Where History Meets Mystery
● By Aimee Cormier
By Ray Saadi—Book Editor
EMPIRE OF SIN By Gary Krist, Crown, $26.00
Krist has written a well-researched history of the rise and demise of the famed New Orleans’ Storyville, named for councilman Sidney Story, much to his dismay. Despite the ax killing of a married couple in their bed and the murder of the popular police chief, the crime-ridden section of the city prospered without interference from authorities. Tom Anderson, the “unofficial Mayor of Storyville” ruled over the unconstrained corruption and crime in that 18-block section. As he began to lose his grip, a surprising new sound was heard from the cornet of Buddy Bolden, a sound that came to be called “jazz.” This is a fabulously rich and colorful chronicle of New Orleans at the turn of the century.

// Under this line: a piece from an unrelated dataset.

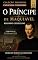 Livro O Príncipe de Maquiavel: Resumido e Explicado (COLEÇÃO FILOSOFIA EXPLICADA E RESUMIDA Livro 6)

AN OFFICER AND A SPY By Robert Harris, Knopf, $27.95
Mark this down as one of the most exciting works of historical fiction you’ll ever read. All characters are real persons, the principal being Alfred Dreyfus, a young Jewish officer in the French army who was wrongfully convicted of treason on flimsy evidence. He is publically humiliated before a jeering crowd and sent to Devil’s Island to die alone. But the narrator, Colonel Georges Picquart, takes center stage initially believing Dreyfus guilty but subsequently discovering evidence that proves him innocent and exposes the true traitor. Despite orders from virtually every superior to abandon the case, Picquart risks everything including his career to correct the injustice done to Dreyfus.